The owners of a hotel near Keswick have definitely got their pies firmly on the prize.
Ben and Sharon Henderson, who run the Swinside Inn – a six-bedroom hotel with a restaurant – have now opened a traditional pie shop in Penrith.
Henderson’s homemade pies and local produce is located in the Great Dockray premises which, for many years, had been a family-run butchers’ shop.
Near the Swinside Inn they also have a two-acre field where they breed their rare Tamworth pigs.
“It is the original British pig – there are only about 300 registered in the UK. We make our sausage and bacon from them, and the pork,” explained Ben, who first got started making sausage from his Tamworth pigs through lockdown.
“All our bacon and sausage has got no preservatives, no nitrates, no bad things in it. It is going back to absolute basics of how it used to be. It is not mass produced. It is small scale, local, traditional food.”
The pies started off through the hotel and helping them on a few days a week in the Penrith shop is Caroline Thorman, who was head chef at the Swinside Inn which Ben and Sharon have run for about 11 years.
Ben said: “It is just about providing traditional home-cooked fare.
“We are doing pies at first, but eventually it will be a lot more like cooked meats and specialised meals and things like that. We also sell eggs and make our own chutneys and jams on site. Eventually we will be doing things like our own roasted meats and hams.”
The couple, who are both trained chefs, had been planning on opening a delicatessen possibly in the next two years, but when the unit came up in Penrith, they decided to take it as it also has a cellar.
Over the next 12 months, that cellar is going to be fitted out so it can be used for hanging their meats in.
“The whole ethos of the business is that all the meat is provided direct from family farms. That is the business model – where you can come in and have a pie and you know where that mutton has come from or that steak has come from. It is just traditional cooking. It is back to basics,” said Ben.
Although he says that he doesn’t do mainstream butchering, so can’t claim to be a butcher, Ben does butcher his own pigs and sheep – and also butchered the latest cow himself, but admitted that that did take him twice as long.
“Pies are only 25 per cent of what we will eventually do. You will be able to go there and buy Cumberland ham. It will be a local delicatessen eventually.
“When we say local, we have the name of the name person, the farm, what they are fed on. Absolute transparency.
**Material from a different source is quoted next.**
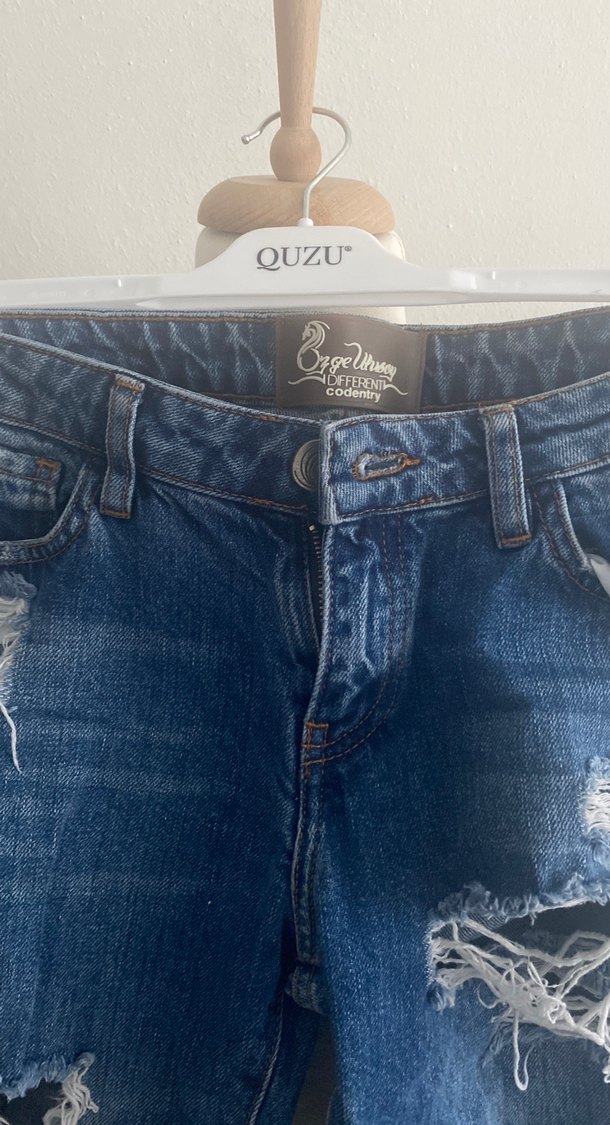 Yırtık Jean - Görsel 2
“A lot of our meats are from Deer and Dexter at Penruddock or Gemma Dobson at Simple Farming at Appleby. She raises all her sheep and her cows on herb grass.”
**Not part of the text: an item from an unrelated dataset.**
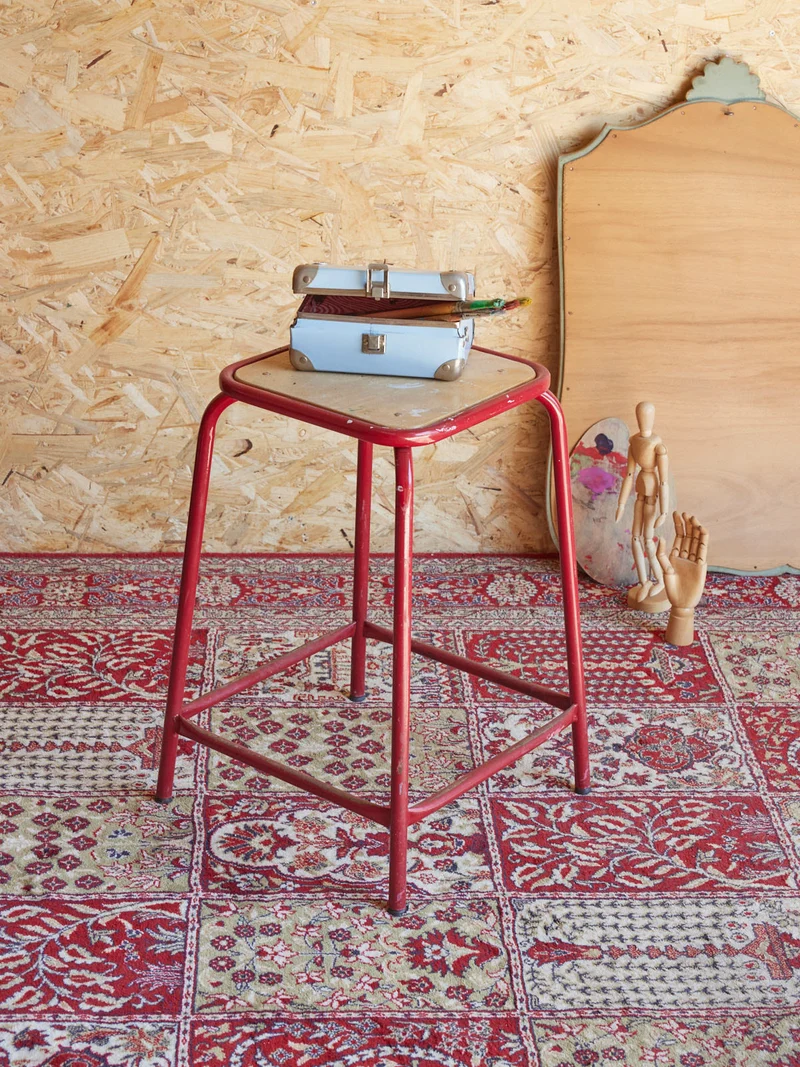 Regis, le grand tabouret d'atelier en métal N°1362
Ben, who hails from Preston, has a background in food, pubs and hotels.
He added: “The idea was that we would open up nice and quietly for a year or two, but the demand is huge. We see the same faces everyday, as well as new faces. It’s brilliant.”
Their range of pies includes vegan, gluten free, steak, mutton, pork apple and leak, plus chicken, bacon and leek varieties, as well as sausage rolls made from pork shoulder which include sage, rosemary, thyme, nutmeg, cayenne and black pepper.